There was a list of my first fifteen contributions to the Press. Three of them were accepted; two of the three appeared in a paper which immediately went bankrupt. For the fifteenth I seem to have received fifteen shillings. A shilling an attempt, you see, for those early efforts to set the Thames on fire. Reading the titles of them, I am not surprised. One was called (I blush to record it) “The Diary of a Free-Lance.” Was there ever a literary aspirant who did not begin with just such an article on just such a subject?--a subject so engagingly fresh to himself, so hackneyed to the editor. I have returned a hundred of them since without a word of encouragement to the writers, blissfully forgetful of the fact (now brought to light) that I, too, had begun like that.

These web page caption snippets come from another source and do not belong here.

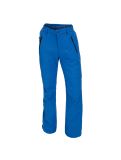 Miniaturansicht Icepeak, Ripa, Softshell Skihose, Herren, Blau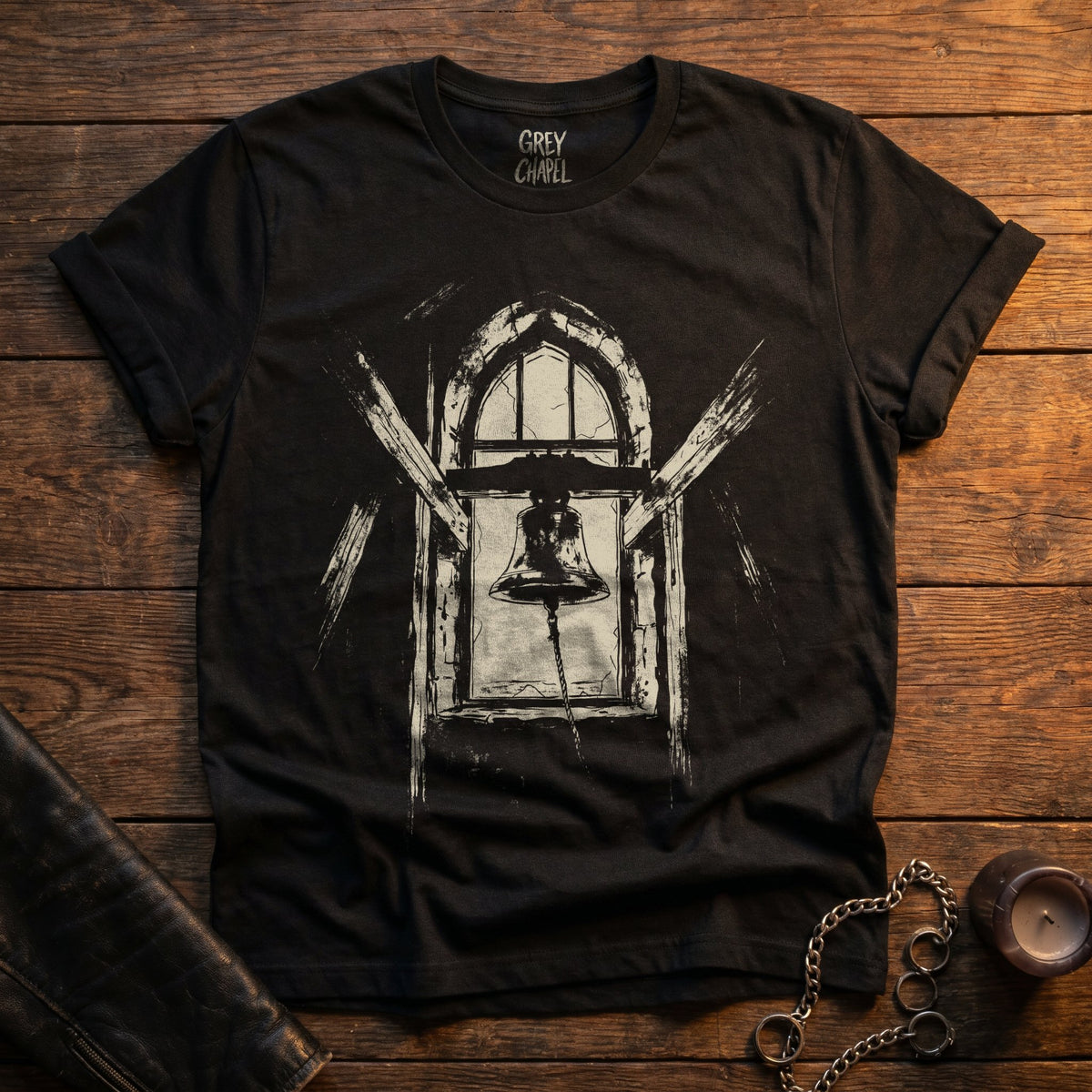 mockup:Black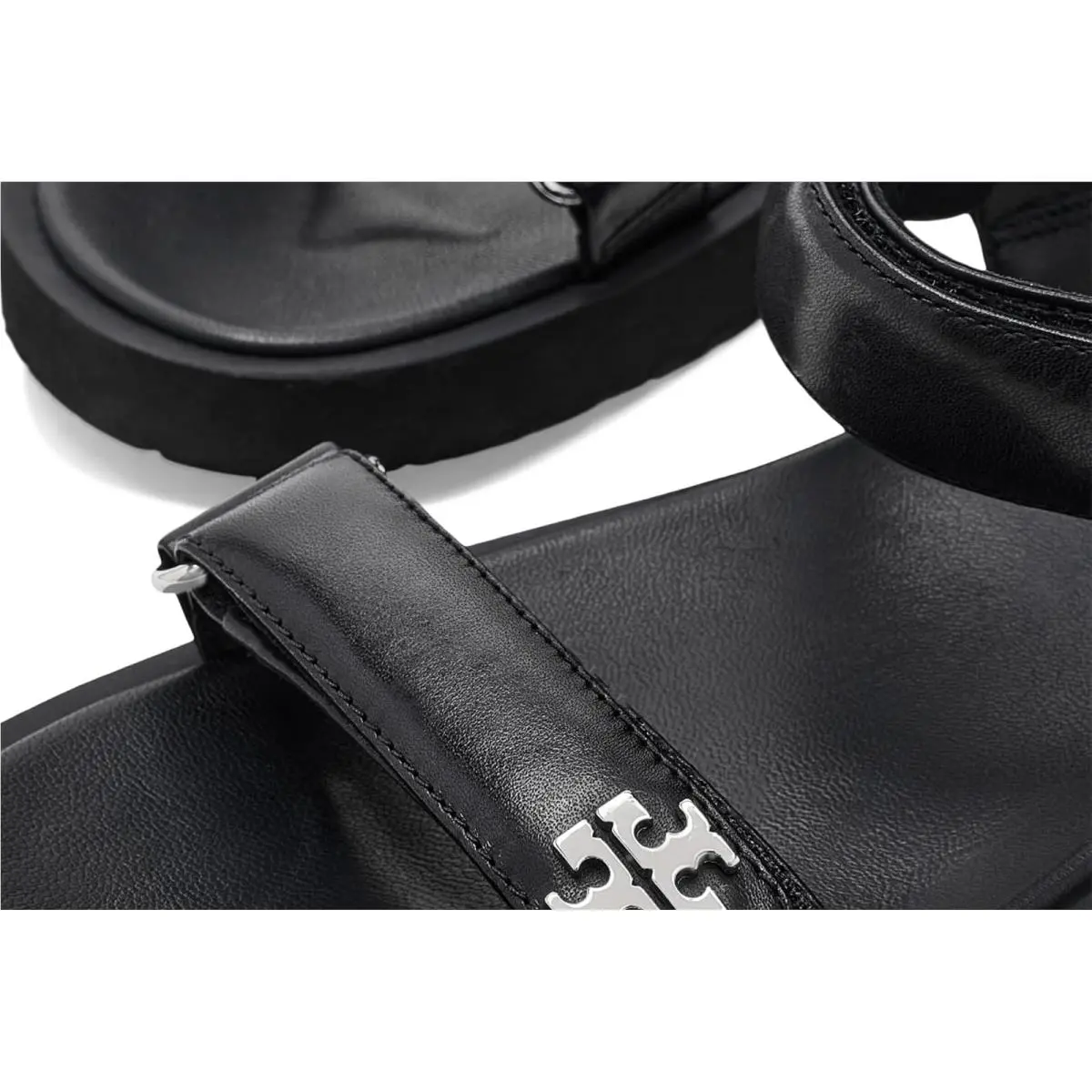 Tory Burch shoes - Perfect Black/Perfect Black 11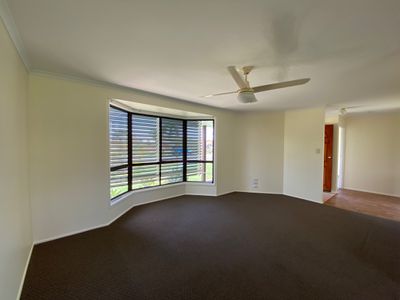 18 Galatea Street, Point Vernon
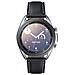 Galaxy Watch3, 3,05 Cm (1.2""), Samoled, Touch Screen, 8 Gb, Gps (satelli - Foto miniatura 7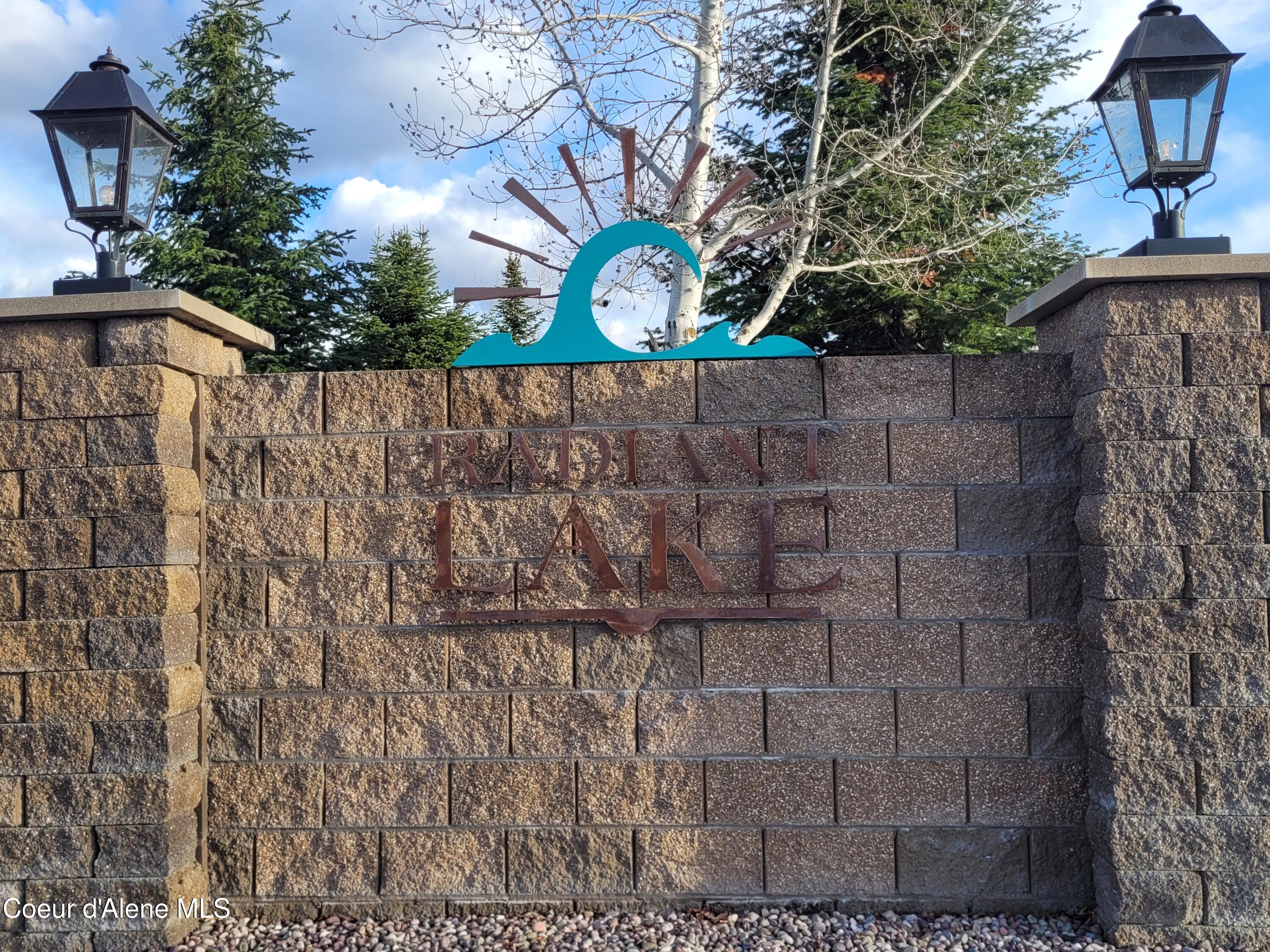 7878 W Kayak Ct, Rathdrum, Idaho image 33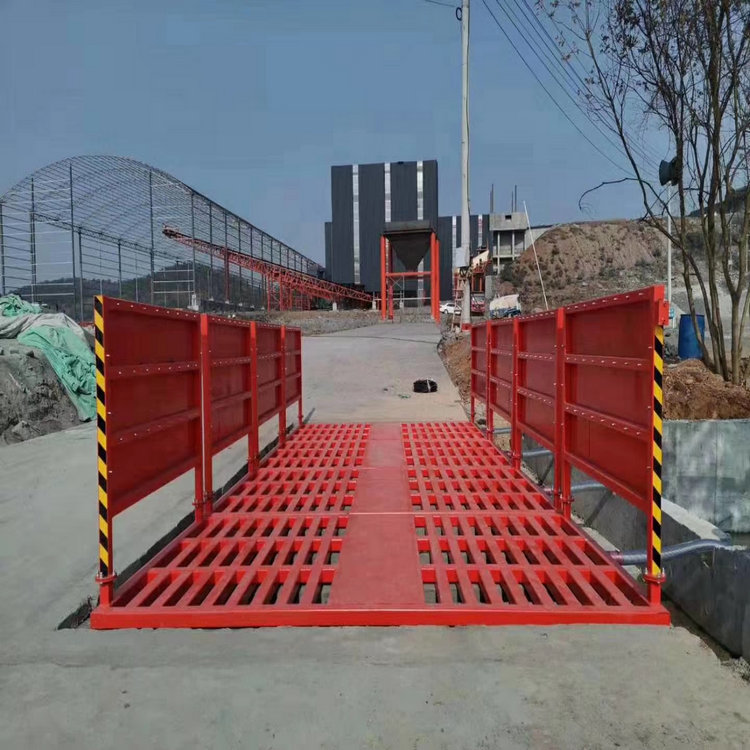 充电基础设施建设驶入“快车道” 产业链企业业绩向好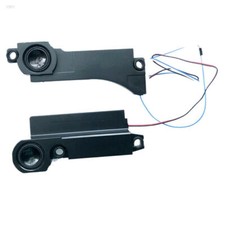 Speaker Left & Right Set For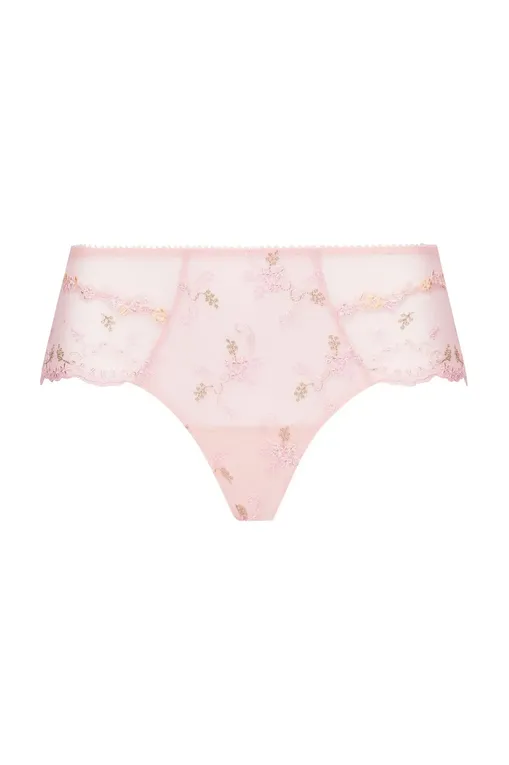 Трусы Lise Charmel ACH0456 AMOUR AURORE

And last of all, in this locked cabinet I came upon an actual contribution, one of the fifteen which had gone the rounds and had been put away, perhaps for a re-writing.... Dear, dear! I must have been very hopeful in those days. Youth and hope--I am afraid that those were my only qualifications for setting the Thames on fire.
Yet I was very scornful of editors seventeen years ago. The outsider, I held forth, was not given a chance; the young writer with fresh ideas was cold-shouldered. Well, well! Reading this early contribution of mine seventeen years later, reading again what editors had to say about it, I am no longer scornful of them. I can only wonder why they hoped that I would go on writing.
But I shall not throw the broken cabinet away, even though it is no longer available for secret papers. It must continue to sit in a corner of the library, a corrective against secret pride.